Elementary School Making Sure Kids Don't Go Hungry By Rescuing Food Waste

Of all the no-brainer good ideas out there, feeding hungry kids ought to be up there with fire departments and hospitals.

Whatever the situation, it's not the kid's fault if they don't get enough to eat. And going hungry unleashes a horror show of domino effects for kids.

Hunger in kids has been studied extensively, and it all shows that it's an awful, awful situation.

Unsplash | pan xiaozhen

Malnutrition sets back growth and development, both physically and intellectually, as well as leaving kids with weakened immune systems. What's more, the stress created by going hungry also wreaks havoc, especially where learning and brain development are concerned.

Simply put, all kids need access to good, healthy food.

Generally speaking, schools do the best they can.

Understanding that hungry kids usually can't focus on learning, schools will usually either offer food in the cafeteria or have snack programs to make sure kids get some nutrition during the day.

At Woodland Elementary in Elkhart, Indiana, kids get both breakfast and lunch. And now, kids in need there won't have to worry so much about what to eat when they're at home.

That's because of a pilot program at the school that seeks to rescue food from being wasted.

Facebook | Elkhart Community Schools

Woodland Elementary has partnered with a local non-profit called Cultivate, which goes around to restaurants, catering services, and even school cafeterias, to gather perfectly good, never-served food that would otherwise be wasted and turn it into meals for people in need.

"Mostly we rescue food that's been made but never served by catering companies, large food service businesses, like the school system," said Cultivate's president, Jim Conklin.

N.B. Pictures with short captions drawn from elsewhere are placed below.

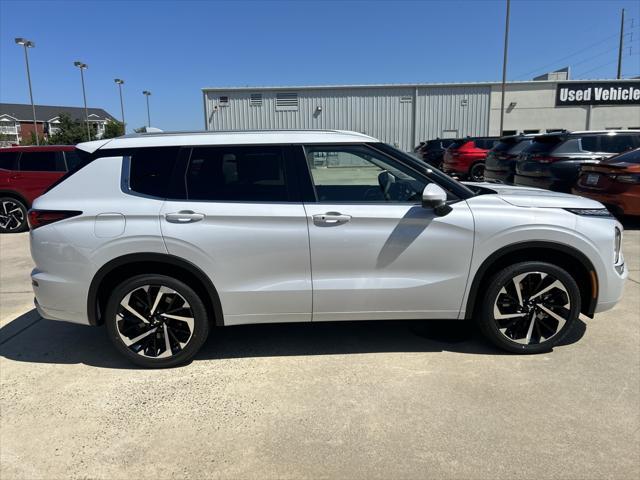 new 2024 Mitsubishi Outlander car, priced at $40,335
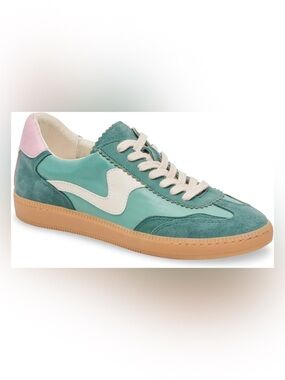 Dolce Vita notice sneakers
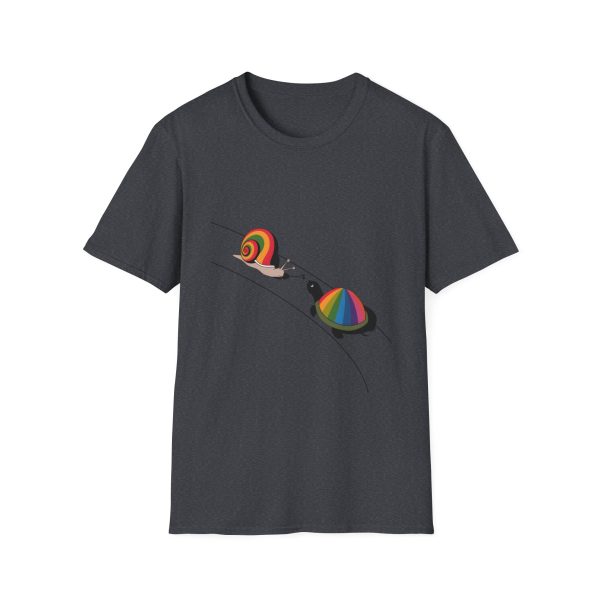 Tshirt Drapeau LGBT escargot avec coquille arc-en-ciel sur fond noir design stylé et vibrant pour sensibilisation LGBTQ+ shirt t-shirt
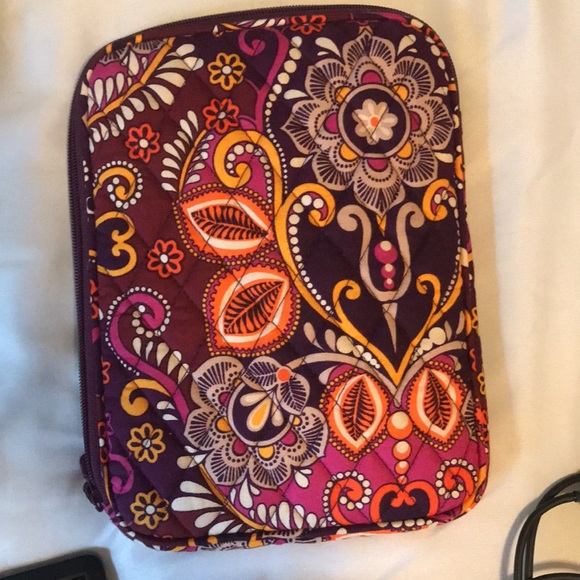 Kindle fire and case - Picture 4 of 7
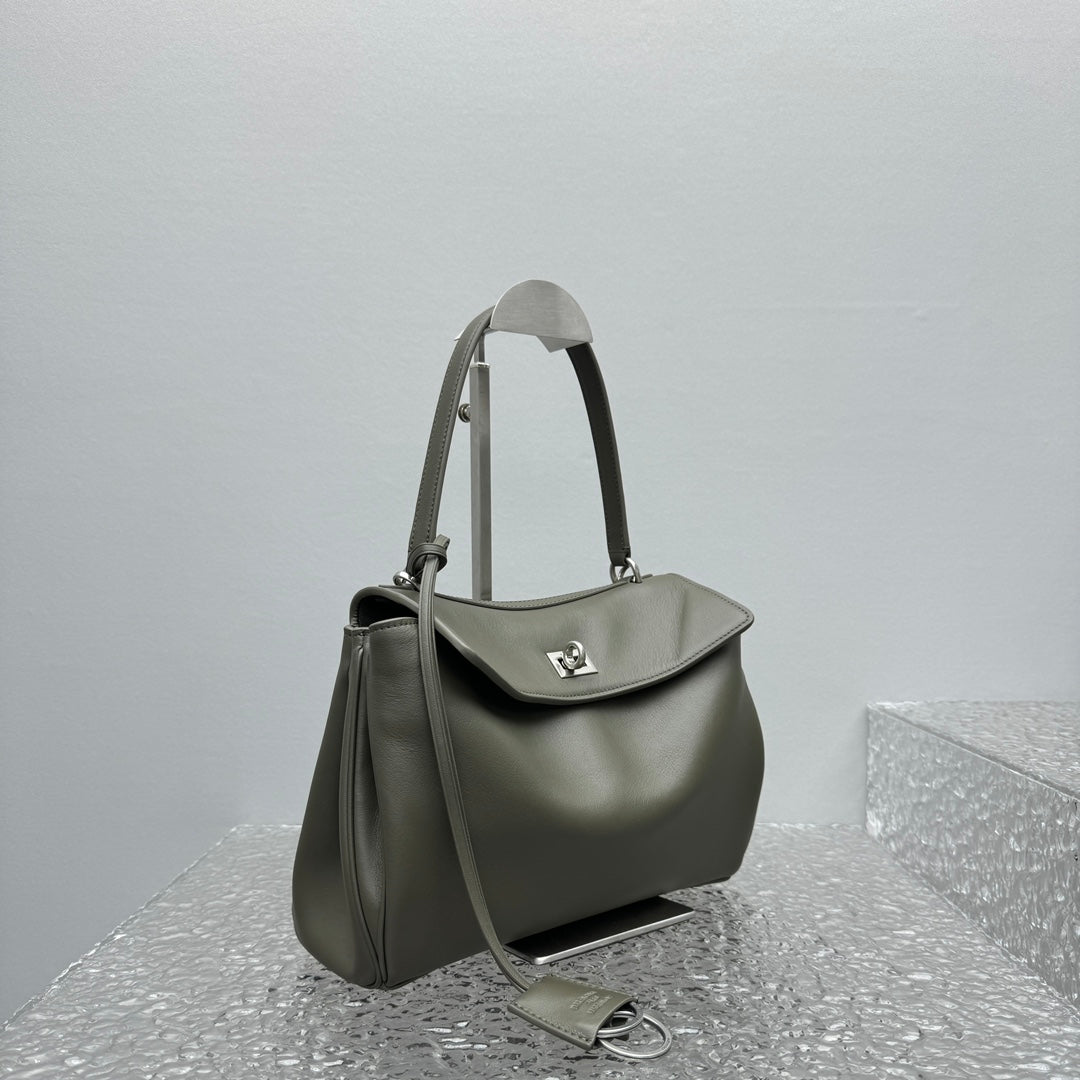 LuxluxHouse Best Quality Bags Balenciaga Women Men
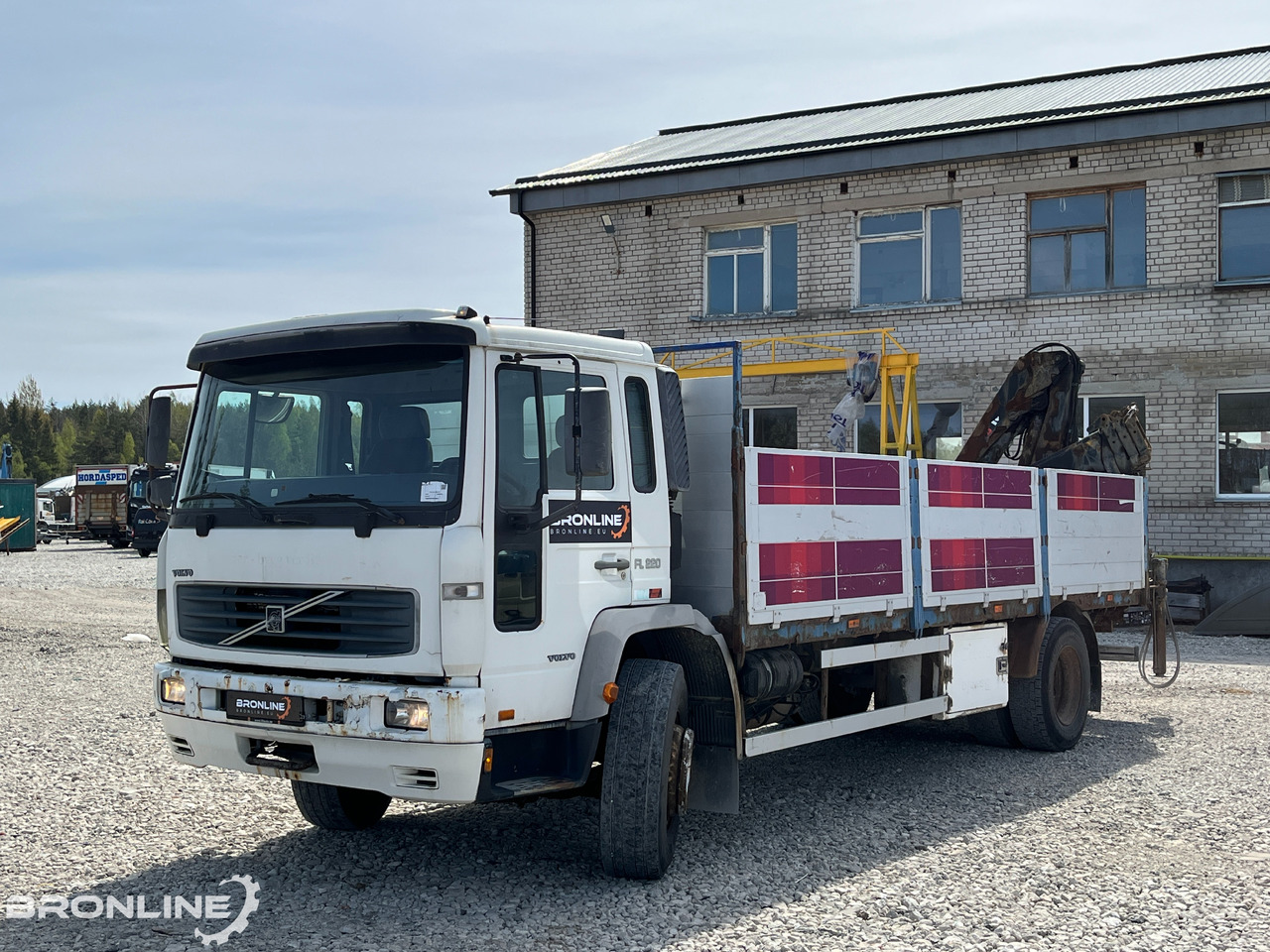 2000 Volvo FL220 4x2 + Hiab 102-4 - Andere Technik: das Bild 2 2000 Volvo FL220 4x2 + Hiab 102-4 - Andere Technik: das Bild 2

YouTube | Cultivate Culinary

"You don't always think of a school. Over-preparing is just part of what happens. We take well-prepared food, combine it with other food and make individual frozen meals out of it," he told WSBT.

Woodland was one of the schools Cultivate would source some of their food from.

YouTube | Cultivate Culinary

"At Elkhart Community Schools, we were wasting a lot of food," Natalie Bickel of student services said. "There wasn't anything to do with the food. So they came to the school three times a week and rescued the food."

Now, some of that would-be waste will be going home with some students.

In the pilot program, the focus is on making sure kids have something good to eat outside school hours.


So, every Friday for the rest of the school year, 20 kids will take home a backpack containing eight individually frozen meals, prepared from rescued food by Cultivate, to eat over the weekend.

The local Chamber of Commerce also deserves some credit for getting the pilot program off the ground.


And they're happy they did. "It's making a big impact," said the Chamber's Melissa Ramey. "I am proud of that. It was heartbreaking to hear that children go home on the weekends and that they don't have anything to eat."

School officials in Elkhart are understandably excited about the program.

Facebook | Elkhart Community Schools

Even before the school year is out, the Elkhart school system is already looking at expanding the program to other schools in the area.